### [WORK ITEM]
Scan the records for the string "Number"; copy each line where it occurs.

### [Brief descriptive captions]
....
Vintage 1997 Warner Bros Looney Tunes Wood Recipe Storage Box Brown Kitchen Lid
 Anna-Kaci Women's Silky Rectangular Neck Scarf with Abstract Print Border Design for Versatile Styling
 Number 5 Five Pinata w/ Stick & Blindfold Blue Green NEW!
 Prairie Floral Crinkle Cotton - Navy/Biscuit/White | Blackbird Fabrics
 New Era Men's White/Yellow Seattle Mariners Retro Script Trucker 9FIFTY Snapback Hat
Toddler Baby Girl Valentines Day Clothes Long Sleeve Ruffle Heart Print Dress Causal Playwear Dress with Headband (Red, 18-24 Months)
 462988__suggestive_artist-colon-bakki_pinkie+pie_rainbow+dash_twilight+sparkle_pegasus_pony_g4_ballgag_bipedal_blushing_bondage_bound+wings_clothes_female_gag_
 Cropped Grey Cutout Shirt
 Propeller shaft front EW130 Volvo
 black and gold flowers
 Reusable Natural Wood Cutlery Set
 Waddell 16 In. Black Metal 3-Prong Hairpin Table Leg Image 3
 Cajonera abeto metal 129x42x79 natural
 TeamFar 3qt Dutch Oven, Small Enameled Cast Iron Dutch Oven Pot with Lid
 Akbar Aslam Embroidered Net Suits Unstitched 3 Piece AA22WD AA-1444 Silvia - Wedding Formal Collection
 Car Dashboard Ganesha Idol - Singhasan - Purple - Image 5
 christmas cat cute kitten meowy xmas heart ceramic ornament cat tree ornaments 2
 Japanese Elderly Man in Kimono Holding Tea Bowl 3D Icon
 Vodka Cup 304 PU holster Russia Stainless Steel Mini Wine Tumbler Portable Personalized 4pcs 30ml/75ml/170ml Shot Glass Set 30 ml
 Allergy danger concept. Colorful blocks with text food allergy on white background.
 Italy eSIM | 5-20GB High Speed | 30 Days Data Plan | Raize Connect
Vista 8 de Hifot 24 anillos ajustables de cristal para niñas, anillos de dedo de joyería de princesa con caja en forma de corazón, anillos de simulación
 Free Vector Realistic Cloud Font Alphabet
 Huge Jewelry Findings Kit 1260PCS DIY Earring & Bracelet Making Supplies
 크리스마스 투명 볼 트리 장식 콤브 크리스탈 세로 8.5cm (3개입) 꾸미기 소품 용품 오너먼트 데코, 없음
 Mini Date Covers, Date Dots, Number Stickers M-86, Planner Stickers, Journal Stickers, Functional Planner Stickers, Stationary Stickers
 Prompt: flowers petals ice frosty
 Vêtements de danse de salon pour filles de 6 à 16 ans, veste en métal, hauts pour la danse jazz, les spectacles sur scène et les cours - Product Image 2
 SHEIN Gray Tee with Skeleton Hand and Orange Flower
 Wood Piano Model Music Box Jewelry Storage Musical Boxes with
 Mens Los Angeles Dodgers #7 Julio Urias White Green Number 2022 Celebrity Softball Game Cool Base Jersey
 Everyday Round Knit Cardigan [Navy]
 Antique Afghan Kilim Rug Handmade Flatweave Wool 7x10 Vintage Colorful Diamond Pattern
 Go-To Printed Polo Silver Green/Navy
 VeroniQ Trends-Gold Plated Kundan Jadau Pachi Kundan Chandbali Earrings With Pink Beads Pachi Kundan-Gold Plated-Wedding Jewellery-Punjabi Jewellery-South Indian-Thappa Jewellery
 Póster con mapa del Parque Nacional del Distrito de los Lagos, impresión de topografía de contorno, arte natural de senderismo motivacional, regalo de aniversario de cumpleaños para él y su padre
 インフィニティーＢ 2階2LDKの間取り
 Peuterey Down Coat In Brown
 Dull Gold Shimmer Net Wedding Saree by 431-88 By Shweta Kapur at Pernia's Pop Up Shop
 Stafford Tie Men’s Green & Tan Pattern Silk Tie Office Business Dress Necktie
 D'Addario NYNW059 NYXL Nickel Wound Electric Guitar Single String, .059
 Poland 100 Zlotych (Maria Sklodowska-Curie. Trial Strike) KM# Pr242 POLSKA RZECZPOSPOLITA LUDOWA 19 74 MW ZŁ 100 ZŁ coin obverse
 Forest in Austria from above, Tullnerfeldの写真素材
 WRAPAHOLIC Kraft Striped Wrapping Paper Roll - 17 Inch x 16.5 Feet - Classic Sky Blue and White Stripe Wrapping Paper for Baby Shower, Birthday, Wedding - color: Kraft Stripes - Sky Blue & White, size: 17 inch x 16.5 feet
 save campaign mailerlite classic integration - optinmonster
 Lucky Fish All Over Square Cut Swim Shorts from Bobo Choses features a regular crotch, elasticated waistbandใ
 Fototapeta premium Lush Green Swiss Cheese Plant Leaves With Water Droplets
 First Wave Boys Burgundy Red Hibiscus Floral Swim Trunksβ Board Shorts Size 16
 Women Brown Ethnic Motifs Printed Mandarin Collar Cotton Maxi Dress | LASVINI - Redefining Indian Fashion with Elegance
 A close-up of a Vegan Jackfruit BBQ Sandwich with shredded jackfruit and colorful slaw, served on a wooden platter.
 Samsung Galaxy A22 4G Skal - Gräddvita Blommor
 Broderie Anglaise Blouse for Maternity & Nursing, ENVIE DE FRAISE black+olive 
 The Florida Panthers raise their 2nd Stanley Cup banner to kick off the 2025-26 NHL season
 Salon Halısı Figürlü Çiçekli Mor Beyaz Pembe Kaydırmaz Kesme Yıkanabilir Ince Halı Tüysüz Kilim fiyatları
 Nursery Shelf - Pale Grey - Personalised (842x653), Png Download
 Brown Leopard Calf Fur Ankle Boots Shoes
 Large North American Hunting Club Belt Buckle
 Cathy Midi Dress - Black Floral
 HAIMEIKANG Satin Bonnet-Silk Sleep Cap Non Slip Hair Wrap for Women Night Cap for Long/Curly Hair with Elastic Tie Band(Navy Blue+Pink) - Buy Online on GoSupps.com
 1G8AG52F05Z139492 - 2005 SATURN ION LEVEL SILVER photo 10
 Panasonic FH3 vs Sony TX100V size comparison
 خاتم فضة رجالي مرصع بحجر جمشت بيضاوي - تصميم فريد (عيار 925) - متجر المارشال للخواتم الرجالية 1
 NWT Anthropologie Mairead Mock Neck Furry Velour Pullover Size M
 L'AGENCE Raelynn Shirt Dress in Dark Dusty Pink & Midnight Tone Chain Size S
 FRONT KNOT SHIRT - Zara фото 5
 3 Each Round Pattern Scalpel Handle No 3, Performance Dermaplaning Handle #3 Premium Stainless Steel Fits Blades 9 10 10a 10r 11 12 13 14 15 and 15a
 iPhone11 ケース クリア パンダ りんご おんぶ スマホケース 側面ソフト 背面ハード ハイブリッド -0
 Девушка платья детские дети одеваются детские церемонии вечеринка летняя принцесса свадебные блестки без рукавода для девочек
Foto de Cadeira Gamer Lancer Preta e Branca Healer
....
### [SOLUTION]
 Number 5 Five Pinata w/ Stick & Blindfold Blue Green NEW!
 Mini Date Covers, Date Dots, Number Stickers M-86, Planner Stickers, Journal Stickers, Functional Planner Stickers, Stationary Stickers
 Mens Los Angeles Dodgers #7 Julio Urias White Green Number 2022 Celebrity Softball Game Cool Base Jersey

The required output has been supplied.